- Contents
A Lexicon file contains the transcription of lexical units (typically words) in acoustic units (typically phones). It may also contain assimilation rules. The lexicon file uses as default extension '.lex'( though legacy '.dic' files are commonly used as well). It is stored in a '.spr' file with in the left column the words in the dictionary and in the right column the transcriptions.
- Example
.spr
DATA DICTIONARY
TYPE STRING
UNIT_TYPE PHONEME, YAPA SET
LANGUAGE DUTCH
DIM1 10
#
<sil> #
<gbg> ***
</s> ###
hij [i/I/hE+[j/]]
moet mut
goed Gut
uitkijken @+[jtkE+jk@[n/]/tkE+k@]
voor vor
mistbanken mI[st/z]bANk@[n/]
mistbanken1 [mIstbANk@n/mIzbANk@n/mIstbANk@]

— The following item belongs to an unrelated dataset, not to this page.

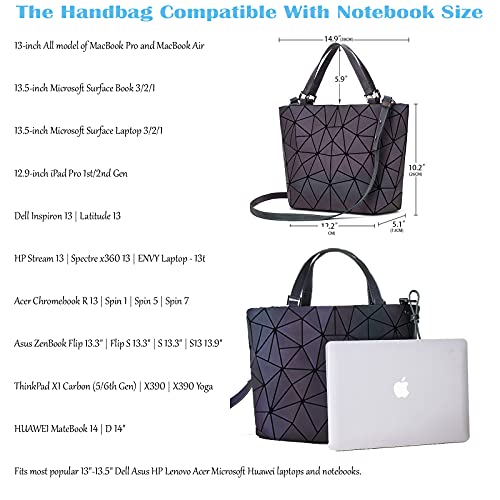 Esovio Irregular Geometric Luminous Shoulder Bag And Handbags For Lady Grid Holographic Reflective Purses Totes Shopping Rucksack #TOP2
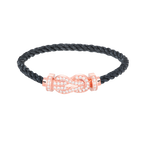 [Plus&Max]CHANCE LARGE 8 FIGURE BUCKLE FULL DIAMOND BRACELET ROSE GOLD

In the above example 'mistbanken1' contains explicitly 3 of the 4 possible pronunciation variants foreseen in the more compact representation in 'mistbanken'.
- Reserved words
A number of word transcriptions have a reserved or at least recommend usage.
-
<s> for 'sentence start' [is not in the lexicon as it has no acoustic evidence associated with it]
-
</s> for 'sentence end' [SHOULD BE in the lexicon as it requires some evidence]
-
<UNK> for 'unknown word' (also called out-of-vocabulary word or OOV)
-
<PARTIAL> for partially decoded word, i.e. if the decoder could not reach the end state of a word
-
<sil> for 'silence' [recommended, not formally reserved]
-
<gbg> for 'garbage' [recommended, not formally reserved]
- Phonetic Alphabet Rules
-
Phones may be represented by single and/or multiple characters, but the symbols must be chosen so that they can be parsed uniquely from left to right using a greedy algorithm, i.e. the longest phone string that matches is the correct one.
-
Reserved characters within the phonetic (acoustic unit) alphabet are:
-
'/' [forward slash] for separating pronunciation variants
-
'[',']' [square brackets] for grouping pronunciation variants
-
'(',')' [round brackets] for including pronunciation probabilities [reserved for future release]
-
'=' [equal sign] for usage in assimilation rules
-
'_' [underscore] for usage as word separator
-
'|' [vertical bar] for non-emitting acoustic units such as word or syllable boundary
- Transcription Rules
-
The individual phones in a transcription are concatenated, i.e. they are not separated by a delimiter.
-
Pronunciation variants are separated by forward slashes '/' and grouped by square backets '[ ]'
-
nesting is allowed
-
[] has precedence over /
-
a / can only occur withing a [ ... ] block
-
Example: [i/I/hE+[j/]] is equivalent to [[i]/[I]/[hE+]/[hE+j]]
-
[NOT IMPLEMENTED YET !!] Probabilities can be added before any phone or before the empty set [] using a floating point value between round braces:
A[(.5)B/(.8)C(.5)D/(.1)[]]E
- Assimilation Rules
Assimilation rules may optionally be added to a lexicon.
-
The presence of a '=' sign indicates that an entry in the lexicon is an assimilation rule
-
When writing assimilation rules, a single phone or the empty set [] can be replaced by another phone, by the empty set or by a complex construction:
[A/E]B=CD=[]
[A/E][]=CD=E
[A/E]B=[X/Y/[]]D=E/F
Note: square brackets can be used to make the rules more readable: [A/E][B=C]D
[A/E][[]=C]D
[A/E][B=[]]D
[A/E][B=[B/C/[]]][D=E/F]
-
When writing assimilation rules, probabilities can only be added at the right hand side of the '=' sign:
[A/E][B=[(.1)B/(.7)C/(.2)[]]]D
This 'flat' notation strikes a good balance between readability and expressiveness. In the few cases that very complex descriptions are needed, the following formats can be used:
=<nr_of_nodes>[<from_node>/<to_node>/(<prob>)<phone>]...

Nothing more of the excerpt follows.